[Nancy by Rhoda Broughton]@TWC D-Link book
Nancy

CHAPTER XVIII
9/15

"What did you expect ?" "You know," say I, still hesitatingly, "I have not an idea _how_ well off you are; I mean, how much a year you have.

Mercenary as I am"-- (laughing nervously)--"I never thought of asking you; but I suppose, even if the earth were to open and swallow Antigua--even if there were no such things as West Indies--we should still have money enough to buy us bread and cheese, should not we ?" "Well, it is to be hoped so," he answers, a gleam of amusement flashing like a little sunshiny arrow across his vexation; "it would be a bad lookout for you and me, would not it, considering the size of our appetites, if we should not ?" A little pause.

Tou Tou's voice again.

The anguish has conquered the laughter, and is now mixed with a shrill treble wrath.
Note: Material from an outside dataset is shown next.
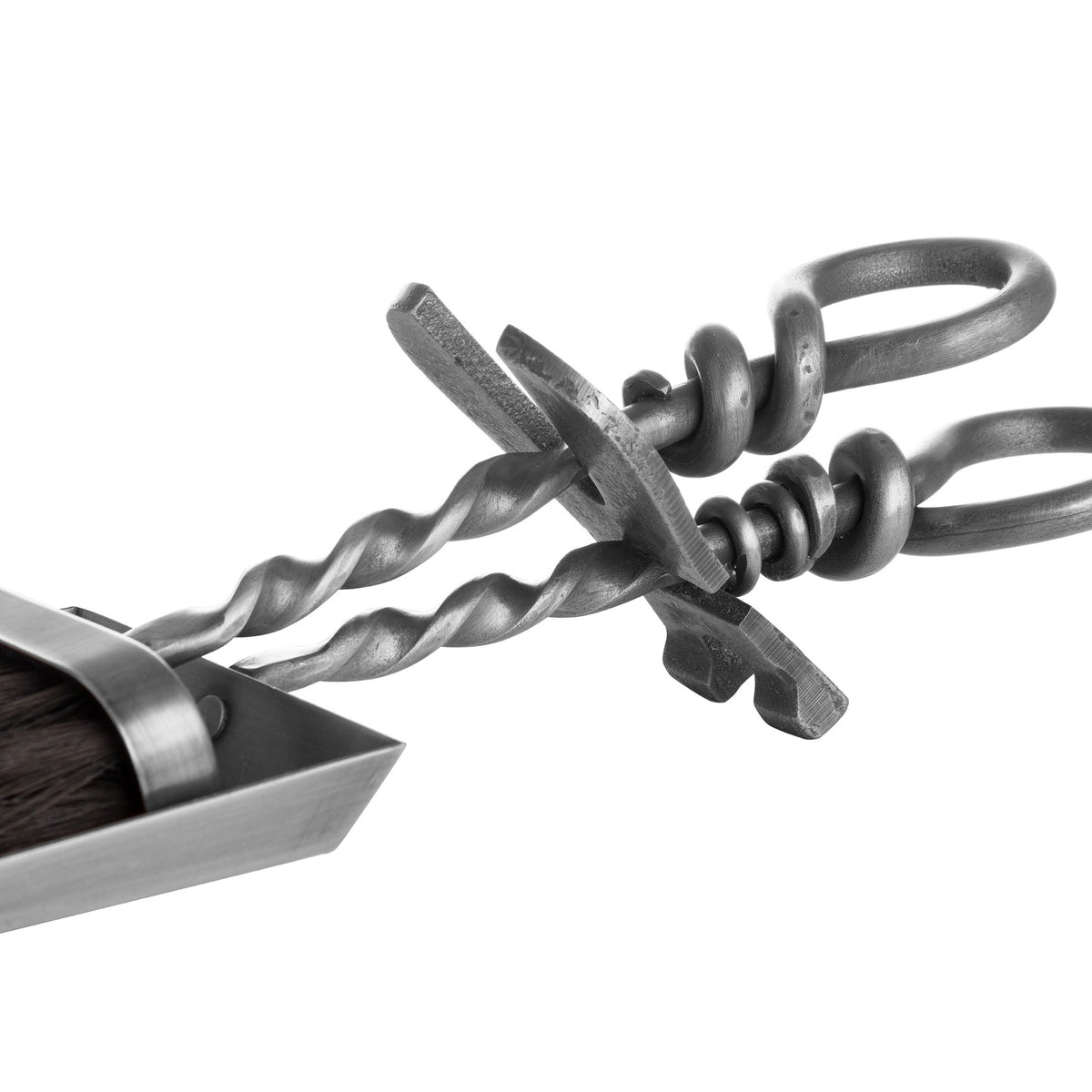 Silver Hearth Tidy Set with Hand Turned Loop Handle - view 3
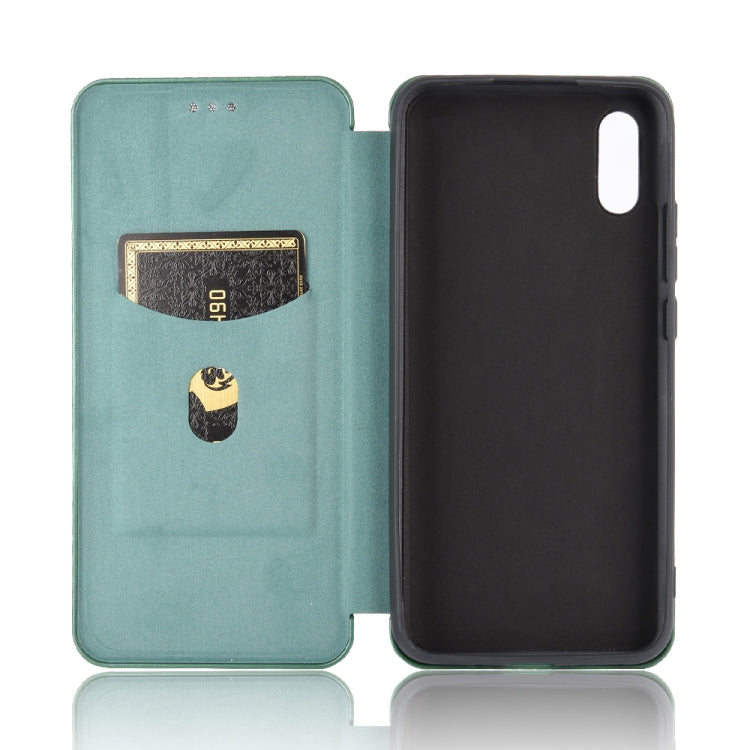 For Xiaomi Redmi 9A Carbon Fiber Texture Horizontal Flip TPU + PC + PU Leather Case with Card Slot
Polly is alternately barking like Vick, and laughing with a quiet amusement at his own performance.
"Do you think," say I, still airing my opinion with timidity, as one that has no great opinion of their worth, "that it does one much good to be rich beyond a certain point ?--that a large establishment, for instance, gives one much pleasure?
I am sure it does not in _our_ case; if you were to know the number of nails that the servants and their iniquities have knocked into mother's coffin--yes, and father's, too." "Have they ?" (a little absently).